Encoding

Encoding
A key technical issue unearthed by MILLE relates to the representation of South Asian writing systems in fonts mapped to a QWERTY key-board. This is by far the most common way in which electronic texts of South Asian languages are produced. For example, Punjabi can be represented using two dominant - yet mutually unintelligible - 8-bit fonts (the Gurbani Lippi and Anandapur fonts) and Singhalese is encoded by more than three competing and mutually unintelligible fonts (see Jayalal, 1997, Mohanrajah, 1998 & Prathepan, 1998). This is a significant impediment to the goal of creating an infrastructure to enable minority language engineering - we need a stable platform on which corpora can be developed and exploited by language engineers. Thus, the project had a pressing need to develop software to map these many font-based representations of the writing systems used by South Asian languages to a common standard: in the case of EMILLE, Unicode.

Mapping these fonts to Unicode is no trivial matter. By way of example, consider the case of conjuncts in Hindi (where two or more characters combine to form one character). Unicode compliant software, such as editors, often has character representation or mapping limitations. For example, UniEdit 1.4 does not implement Unicode's conjunct rendering rules at all, while Global Writer 98 does use the rendering rules, but requires the elements of the conjunct to appear in a specific left-right order. This order can conflict with the order that an 8 bit font solution uses to encode conjunct characters. Simply mapping one eight bit character to a sixteen bit Unicode (or a 32 bit ISO-10646) character can result in conjuncts being deleted from converted texts. A solution which deals elegantly with such issues as conjunct characters was therefore necessary.

The solution implemented in the Unicodify software suite, developed at Lancaster (see Hardie, Forthcoming, Baker et al, 2004), is to develop for each part a mapping algorithm. That is, for each character in the font, a mapping rule is written that captures all the variant Unicode correspondences of that character by checking the local context to decide upon the appropriate Unicode output for that instance of the character. In a single pass, then, the mapping algorithm transforms font-based encodings to well-formed, standardised Unicode. Using this approach we were able to rapidly harmonise the data we collected as Unicode text.

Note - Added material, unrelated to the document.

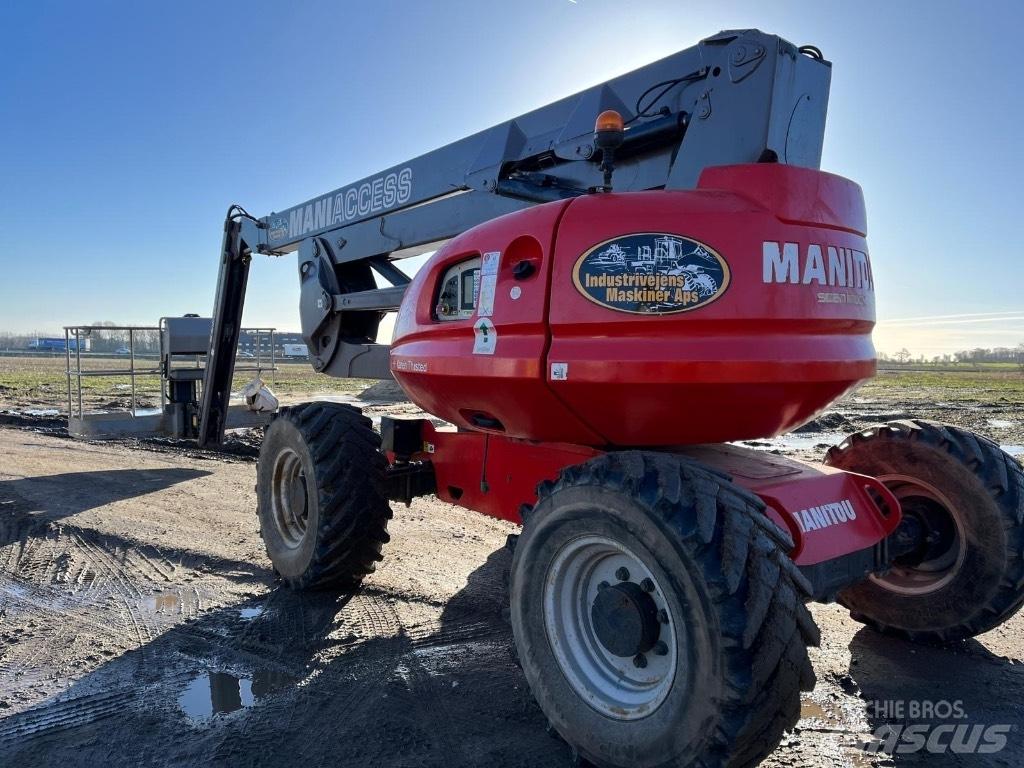 Manitou 200 ATJ Körüklü personel platformları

While encoding proved a challenge, the structured markup of the corpus texts was adapted from the Corpus Encoding Standard's cesDoc document type. While this was implemented as SGML, we took care to minimise the occurrence of features that would be illegal in XML, so that the corpus markup is to a substantial degree compatible with the new generation of the Unicode-aware XML-compliant software.

 

References

Baker, P, Hardie, A, McEnery, A, Xiao, R, Bontcheva, K, Cunningham, H, Gaizauskas, R, Hamza, O, Maynard, D, Tablan, V, Ursu, C, Jayaram, BD and Leisher, M (2004) Corpus linguistics and South Asian languages: corpus creation and tool development. In: Literary and Linguistic Computing 19(4): 509-524.

Hardie, A (forthcoming) From legacy encodings to Unicode: the graphical and logical principles in the scripts of South Asia.

Hardie, A (2003) Developing a tagset for automated part-of-speech tagging in Urdu. In: Archer, D, Rayson, P, Wilson, A, and McEnery, T (eds.) (2003) Proceedings of the Corpus Linguistics 2003 conference. UCREL Technical Papers Volume 16. Department of Linguistics, Lancaster University.


Hardie, A (2004) The computational analysis of morphosyntactic categories in Urdu. PhD thesis, University of Lancaster.


Hardie, A (2005) Automated part-of-speech analysis of Urdu: conceptual and technical issues. In: Yadava, Y, Bhattarai, G, Lohani, RR, Prasain, B and Parajuli, K (eds.) Contemporary issues in Nepalese linguistics. Kathmandu: Linguistic Society of Nepal.

Jayalal, D.A. (1997) Towards a Grammar Checker for Singhala, Unpublished MSc. Dissertation, Dept. Computer Science, University of Colombo.

Mohanrajah, S. (1998) Language Assistant – Towards Automatically Translating Text from English to Tamil in a Controlled Environment, Unpublished MSc. Dissertation, Dept. Computer Science, University of Colombo.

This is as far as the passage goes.